Robert Deborne was born in 1870 in Viviers, a small cathedral town in the South of France. Little is known of the finer details of Deborne’s life and he remains rather an enigma.   He was the son of a rich farmer, which gave him the opportunity to concentrate on his painting without financial pressures. Indeed, he was so dedicated that he abandoned his family just before the First World War, enabling him to focus completely on his work. Despite his prolificacy, he decided never to hold a solo exhibition nor had any connection with an art dealer to sell his works, although he exhibited often at the Salon d’Automne in Paris (becoming a member in 1923) and the Salon du Sud-Est.

A noted talent in his day, Deborne exhibited with major artists at the Salon du Sud-Est. This salon exhibition was on during the winter, which was perfect for Deborne as he was able to paint all summer, his preferred season. The Salon was a forum for unknown, innovative, emerging artists. His paintings were hung alongside works by Paul Cézanne, Henri Matisse, Paul Gaugin, Georges Rouault, André Derain, Albert Marquet, Felix Vallotton and Edouard Vullard, to name but a few.

Deborne was exhibiting at the Salon du Sud-Est in 1905, the year when the press coined the then rather disparaging term of ‘Fauves’ (French for ‘wild beasts’) to describe artists using strong, separate, unnatural colours in a representational manner, moving away from the realism of impressionism.  The phrase stuck and the new movement of Fauvism was recognised, of which Deborne was certainly a part and influenced by.

Deborne had a close friendship with Paul Signac with whom he exhibited on several occasions at the Salon de Sud-Est. Signac spent some time in Viviers with Deborne, and the two are known to have been together on the banks of the Rhône, sketching and painting.

He mostly painted scenes of Viviers, his home town on the Rhône and its environs.  He also featured Nebbio in Corsica in many of his paintings.  His works are very much centered on these places that he loved, and his depictions of the Rhône, its banks and the hills beside it are poetically marked by variations in time, weather and season. He was particularly fond of painting at dawn and dusk.

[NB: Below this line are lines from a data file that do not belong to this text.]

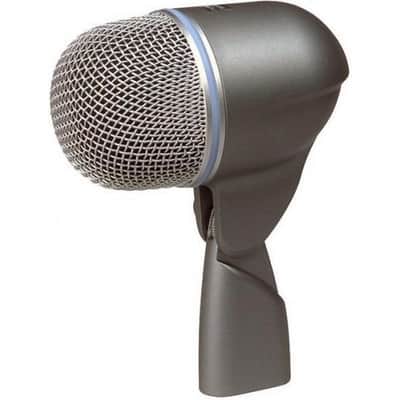 SHURE BETA52-A MICROFONO DINAMICO SUPERCARDIOIDE BETA-52 PER CASSA GRANCASSA image 5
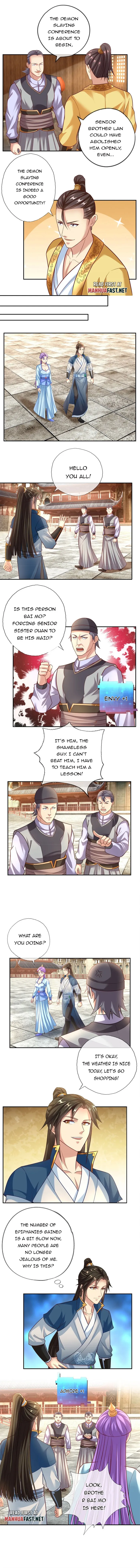 Read I Can Have Infinite Epiphanies EN Manga Online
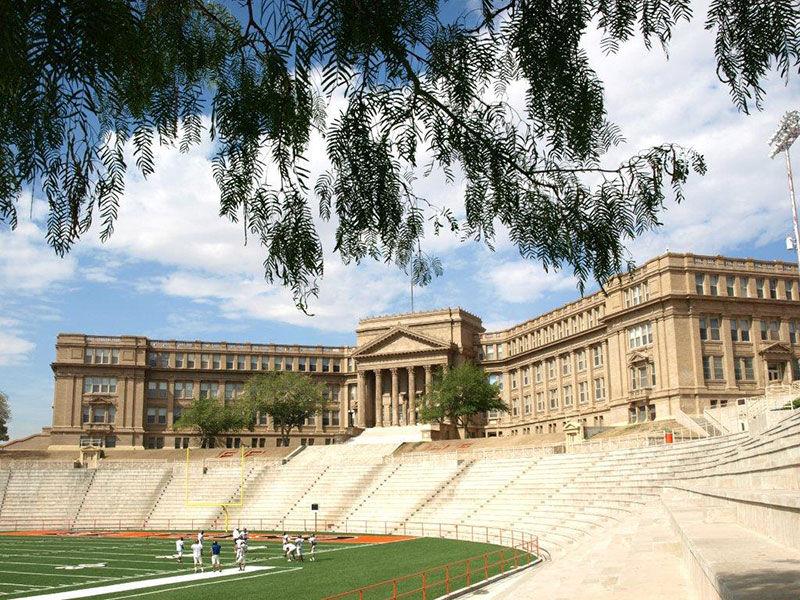 ‘Lady on the Hill’ is El Paso High’s 2016 Ex | Columns | elpasoinc.com
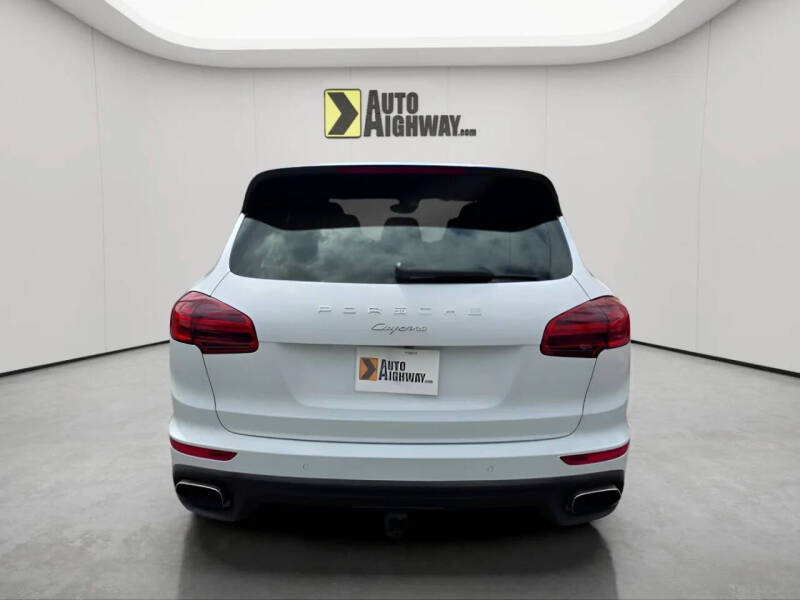 2016 Porsche Cayenne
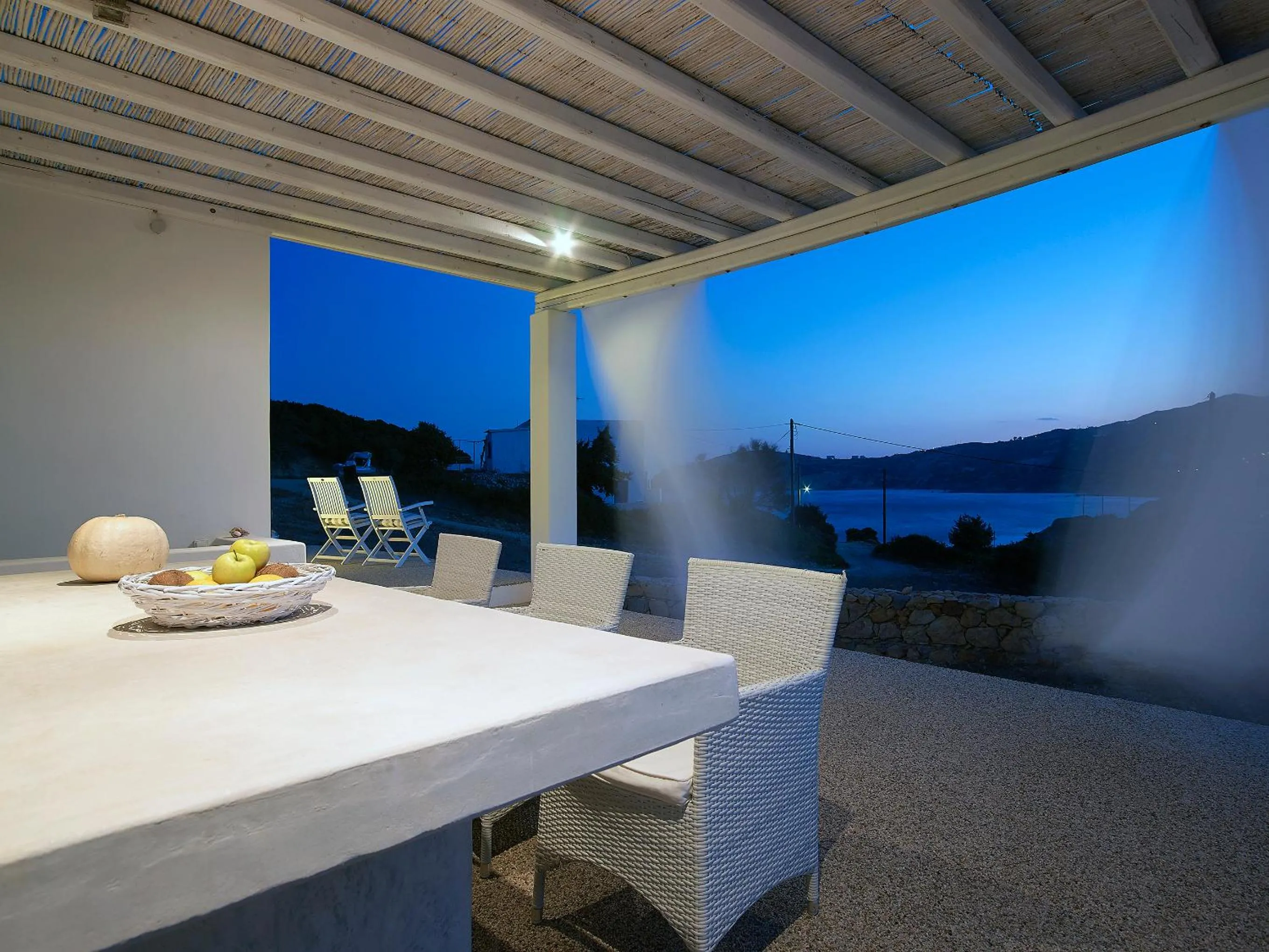 Patio in Ninos Houses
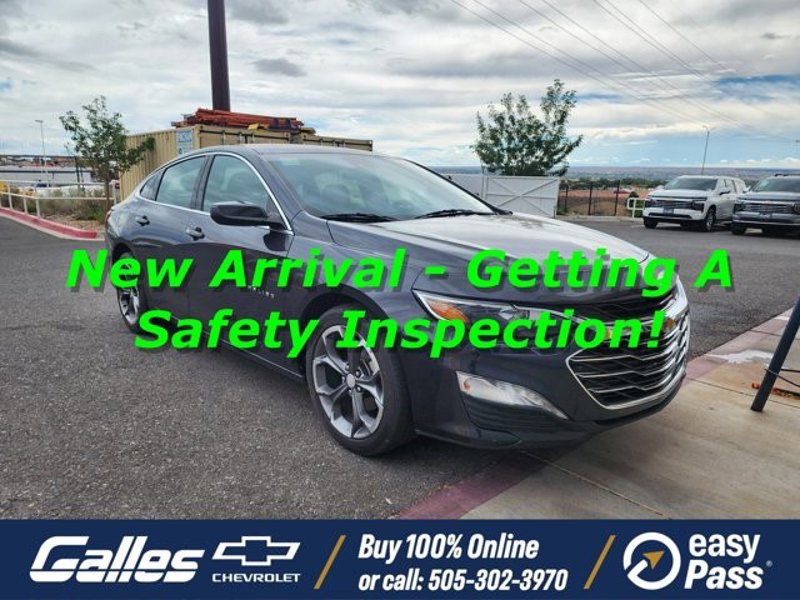 Certified 2023 Chevrolet Malibu LT w/ Driver Confidence Package image 1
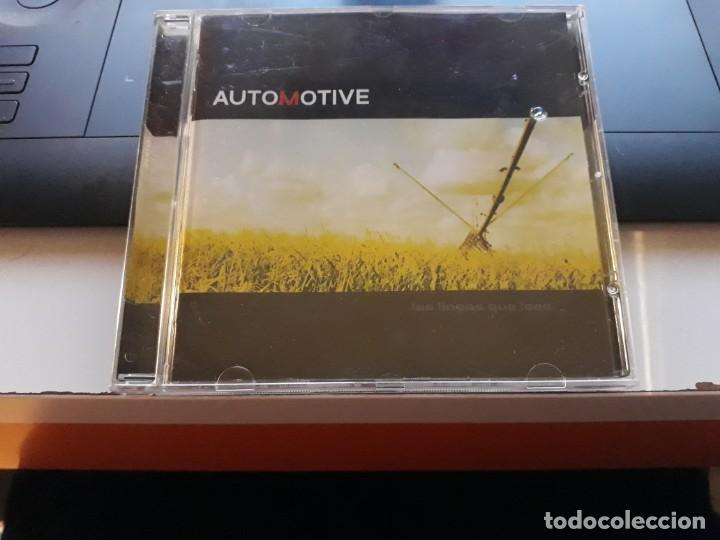 CDs de m&uacute;sica: AUTOMOTIVE - LAS LINEAS QUE LEES CD - Foto 1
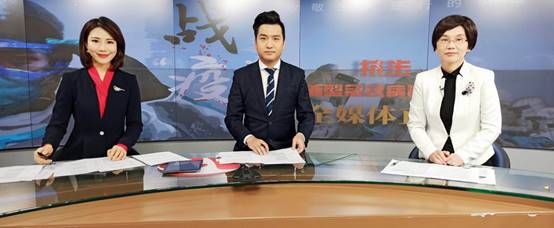 合肥一中心理中心主任郭缨做客安徽卫视科教频道为学生和家长进行心理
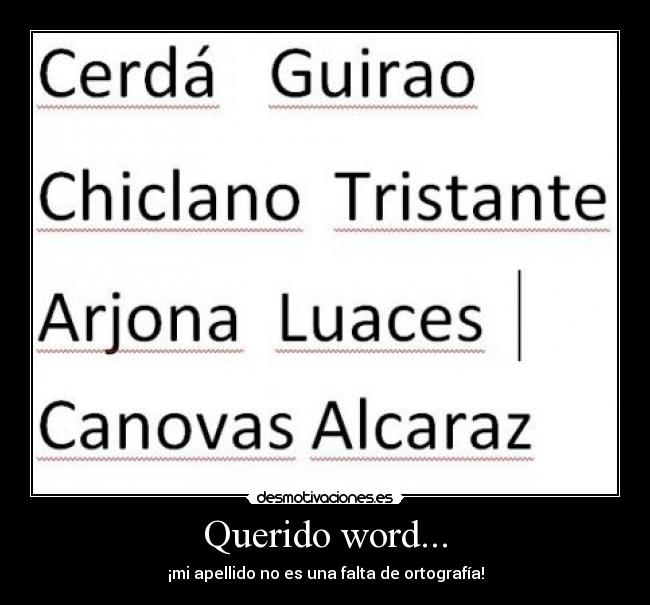 carteles ortografia desmotivaciones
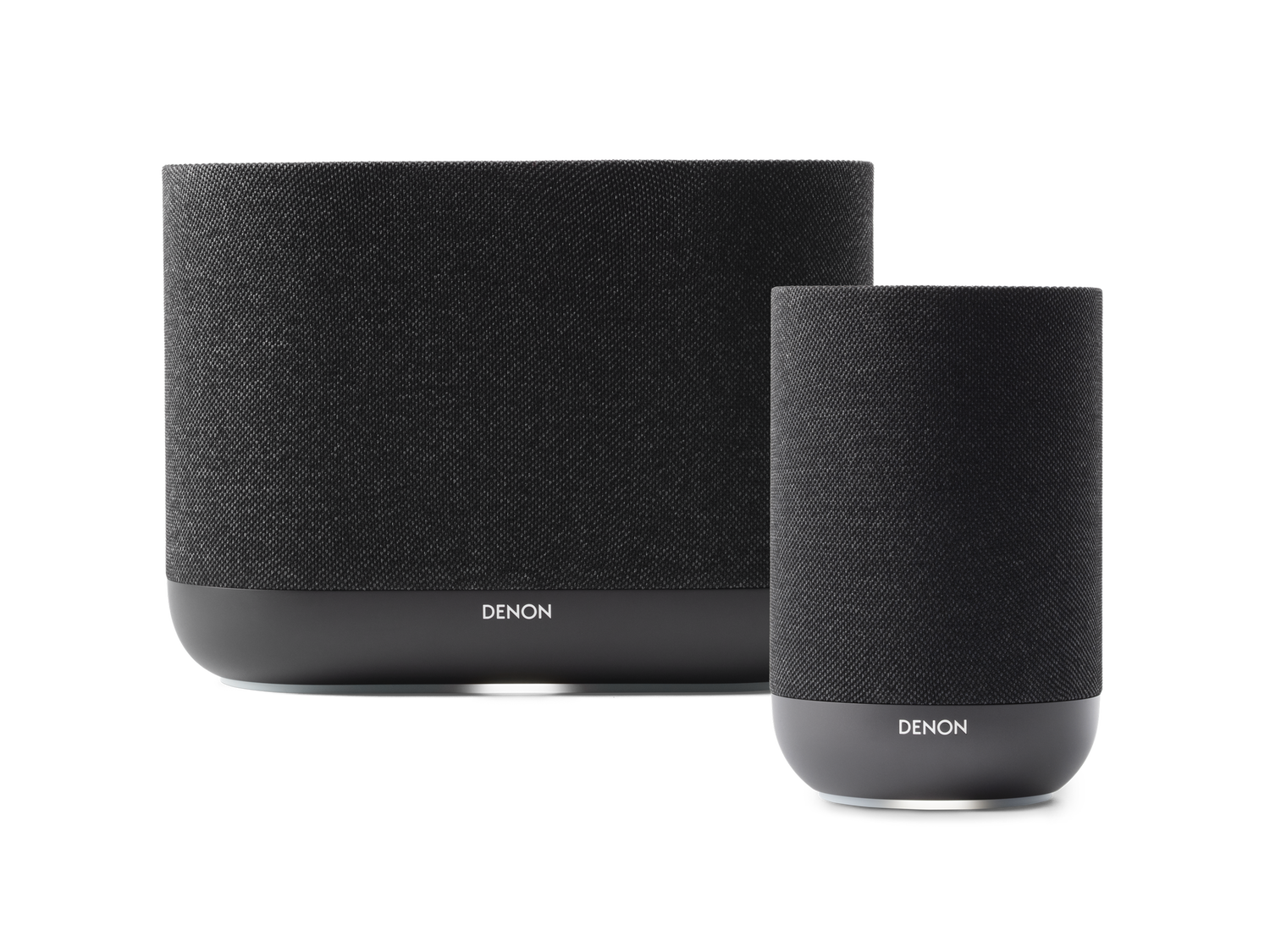 Denon Home 400 with Denon Home 200 Multi-room Bundle, Charcoal, dynamic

Robert Deborne returned to the same landscapes again and again, portraying them from different perspectives and in changing light. This was a deliberate choice – he wanted to share the beauty of these inspiring places that were immediately before him.  Vivarais to Deborne was what the Montagne Sainte-Victoire was for Cézanne or the banks of the Creuse were for Guillaumin. These landscapes were his life, and every brushstroke illuminates the beauty of these places for others to experience.